### WORK ITEM
In the entries below, find the line with "5 Hearts/I love" and the line with "Reformation Clara Cashmere", then retype both and everything between them exactly. Do not copy the pictures.

### TASK DATA
################
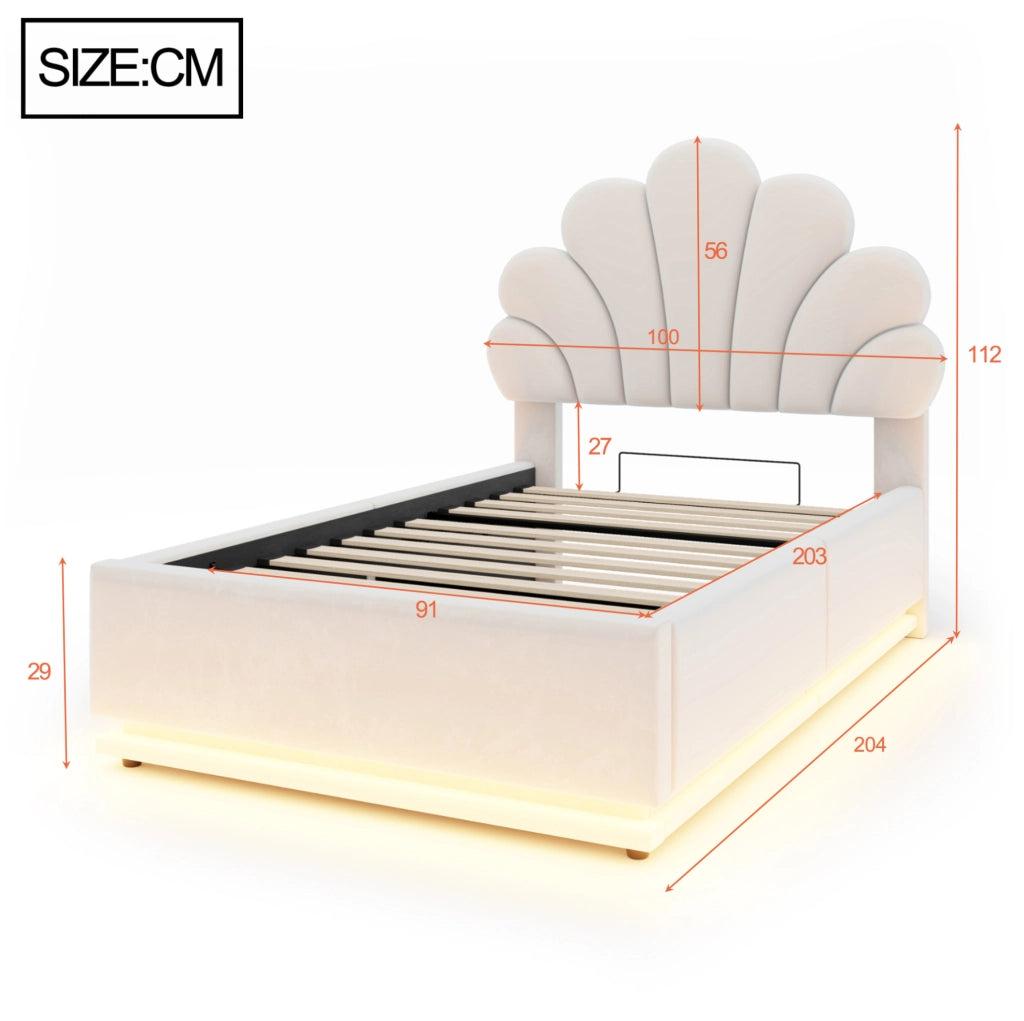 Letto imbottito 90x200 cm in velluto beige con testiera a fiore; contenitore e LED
################
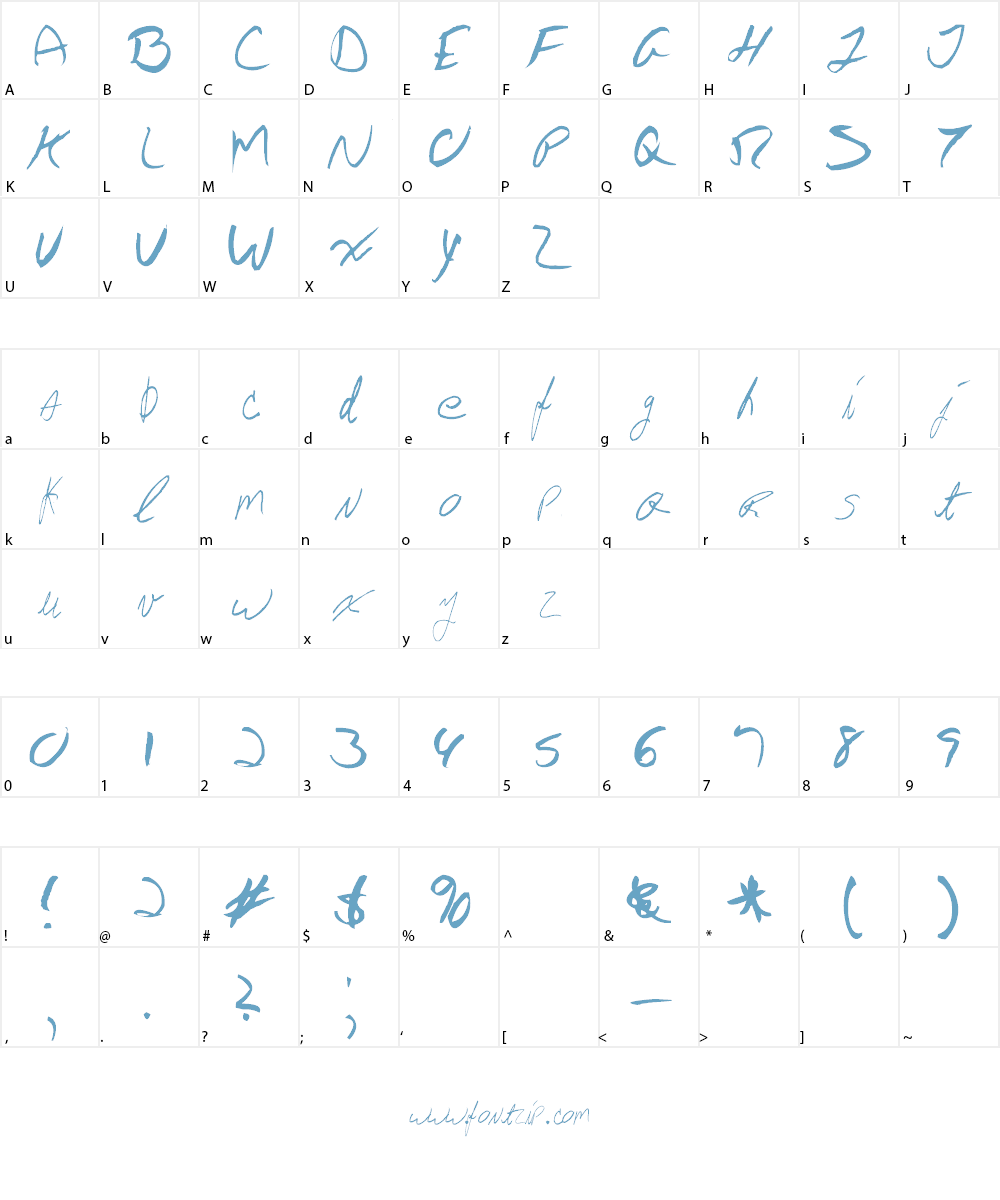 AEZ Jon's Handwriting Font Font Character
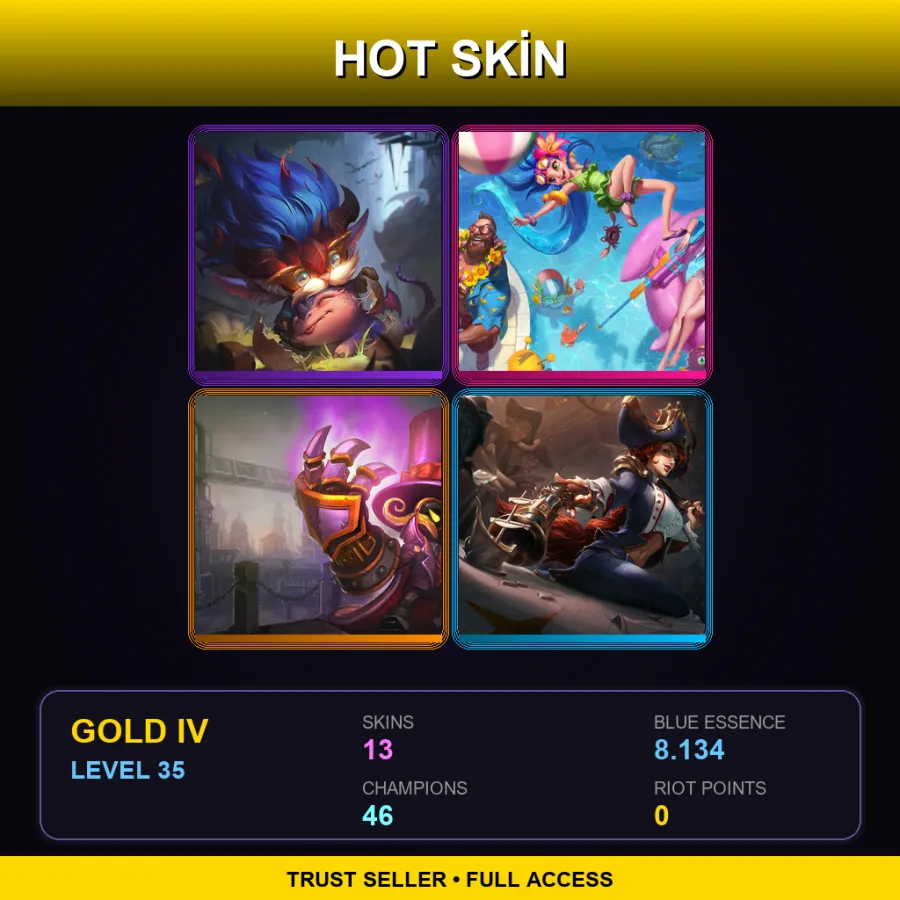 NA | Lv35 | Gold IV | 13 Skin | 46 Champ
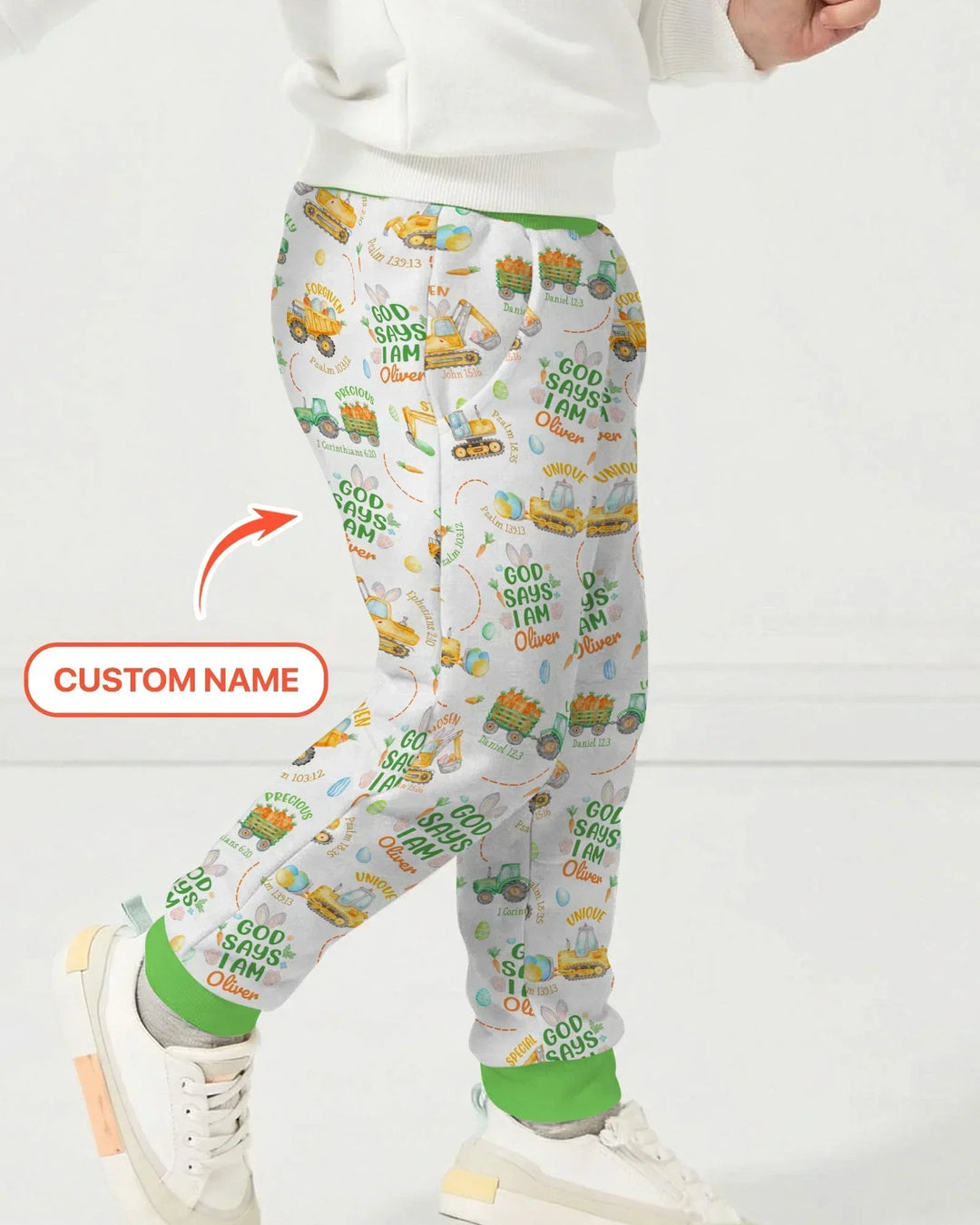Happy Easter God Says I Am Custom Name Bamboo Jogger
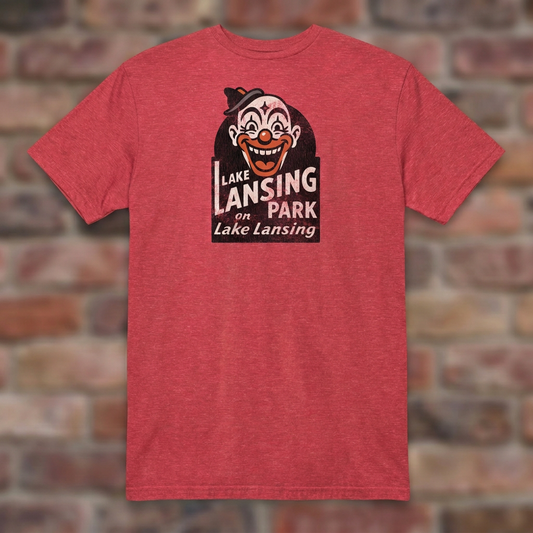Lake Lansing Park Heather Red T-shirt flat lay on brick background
################
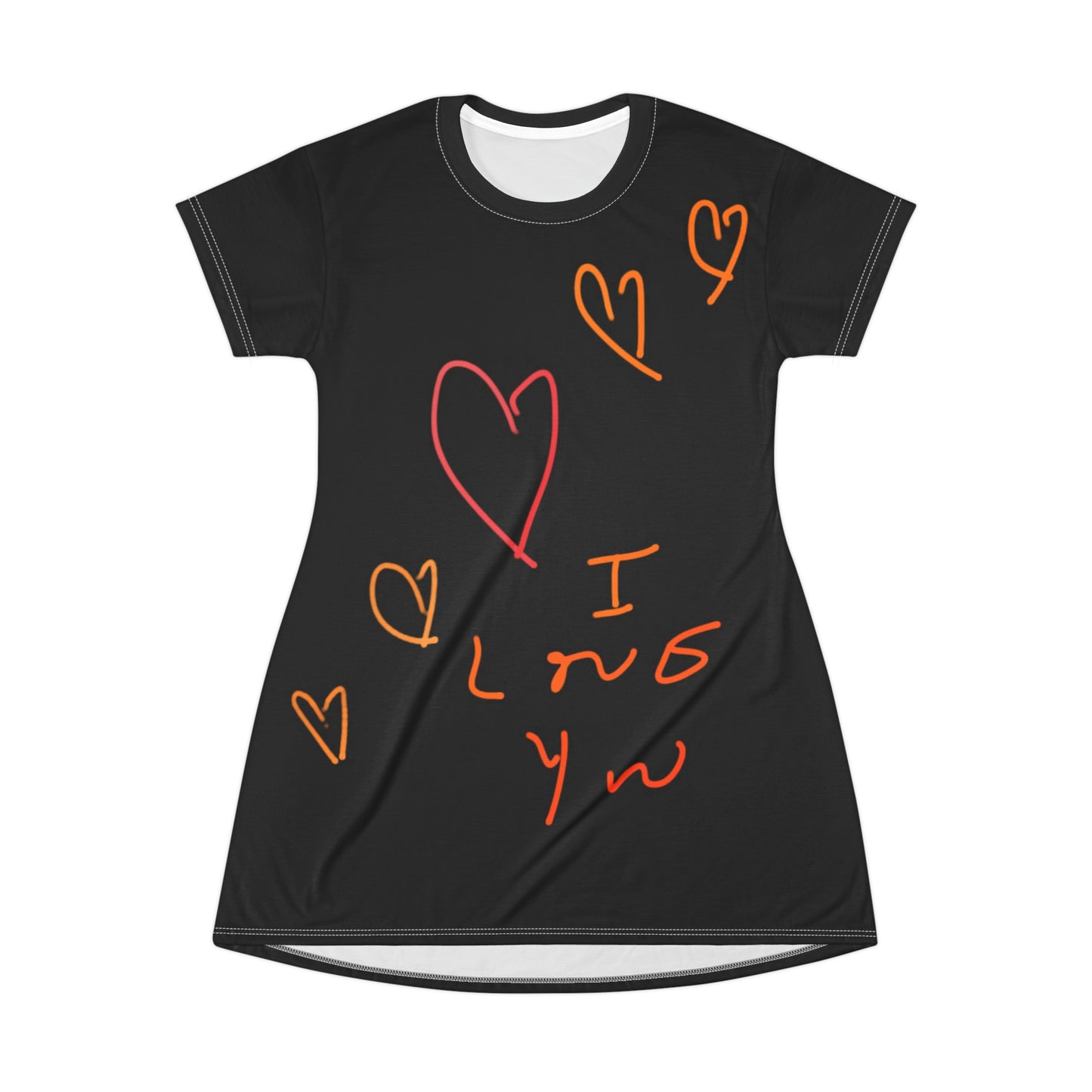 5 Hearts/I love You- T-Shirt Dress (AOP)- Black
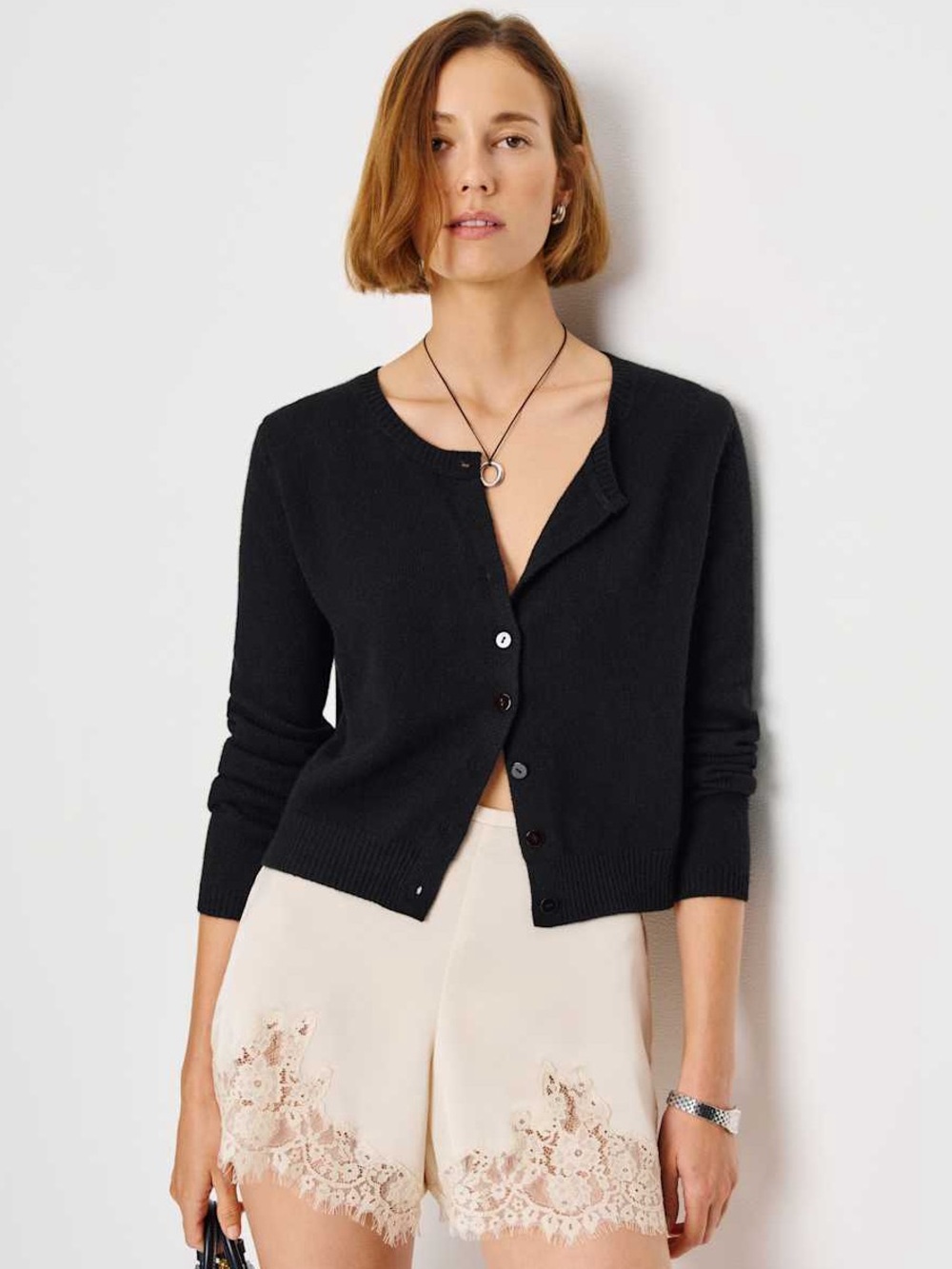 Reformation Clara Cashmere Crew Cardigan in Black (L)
################
### ANSWER SECTION
 5 Hearts/I love You- T-Shirt Dress (AOP)- Black
 Reformation Clara Cashmere Crew Cardigan in Black (L)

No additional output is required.